On July 29, 2008, Kotchman was traded to the Atlanta Braves along with minor league pitcher Stephen Marek for first baseman Mark Teixeira. Kotchman started his tenure with the Braves on a terrible note, batting just .157 in his first 20 games but he ended the season with a .237 batting average with the Braves.
Kotchman was placed on the bereavement list after his mother fell ill on August 20, 2008. After seven days, the Braves placed Kotchman on the restricted list so he could continue to be with his mother in Florida. After 11 days from first being placed on the bereavement list, the Braves activated Kotchman.
On January 31, 2009, Kotchman avoided arbitration and agreed to a one-year, 2.885 million contract. Kotchman mentioned at spring training in 2009 that playing for the Braves was always a dream of his. Kotchman suffered a shin contusion after being hit by a pitch from Arizona Diamondbacks' pitcher Max Scherzer on May 31 and was expected to be out two to three days. The injury did, however, force Kotchman on the 15-day disabled list and was activated on June 16.
On July 31, 2009, Kotchman was acquired by the Red Sox in a trade for first baseman Adam LaRoche. In Kotchman's first game with the Red Sox, he hit a two-run home run off of Joba Chamberlain. With the Red Sox, Kotchman hit .218 with three doubles, one home run, seven RBIs, and one stolen base in 29 games. This gave Kotchman a combined average of .268 with 23 doubles, seven home runs, 48 RBIs, and 39 walks in 126 games between Boston and Atlanta. Kotchman did not make an error in 114 games at first base for the Braves and Red Sox in 2009, becoming the third first baseman in major league history with a minimum of 108 games at the position in a season to record a perfect fielding percentage.
In early January 2010 the Red Sox traded him to the Seattle Mariners for utility player Bill Hall, a minor league player, and cash. On February 3, Kotchman and the Mariners agreed on a new contract, avoiding salary arbitration.
On June 3, 2010, Kotchman set the Major League Baseball individual streak record with 2,003 consecutive chances without an error. The previous record had been held by Kevin Youkilis of the Boston Red Sox, established between July 4, 2006, and June 6, 2008. On August 21, 2010, the streak ended when Kotchman mishandled a hard groundball hit by Curtis Granderson of the New York Yankees. The error was his first since July 20, 2008, when he played for the Los Angeles Angels of Anaheim, a streak of 2,379 fielding chances.

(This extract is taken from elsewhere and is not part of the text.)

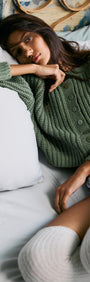 Model lounging in bed wearing a Green Cable Knit Cropped Cardigan with ribbed texture and button-front closure.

Kotchman signed a minor league contract with an invitation to 2011 spring training with the Tampa Bay Rays. He was one of three players competing for two spots on the bench, with the other two being outfielder Sam Fuld and infielder Elliot Johnson. On March 26, however, the Rays assigned Kotchman to Durham. Following the retirement of Manny Ramirez six games into the 2011 season, Kotchman's contract was selected from Durham and he was added to the Rays' active roster. On August 9, 2011, Kotchman hit a walk-off home run off Kansas City Royals reliever Blake Wood to give the Rays a 2-1 win. Through 2011, he had the best career fielding percentage among major league first basemen (.998), ahead of Kevin Youkilis.
He is the son of Tom Kotchman, longtime Angels' minor league manager and scout. His mother, Sue Kotchman, works as a principal and was formerly a teacher. She suffered a brain hemorrhage during the 2008 season; as a result Kotchman had to be placed on the Major League bereavement list, and later the restricted list. She recovered, however. His sister Christal Kotchman is a former College of Charleston softball team member.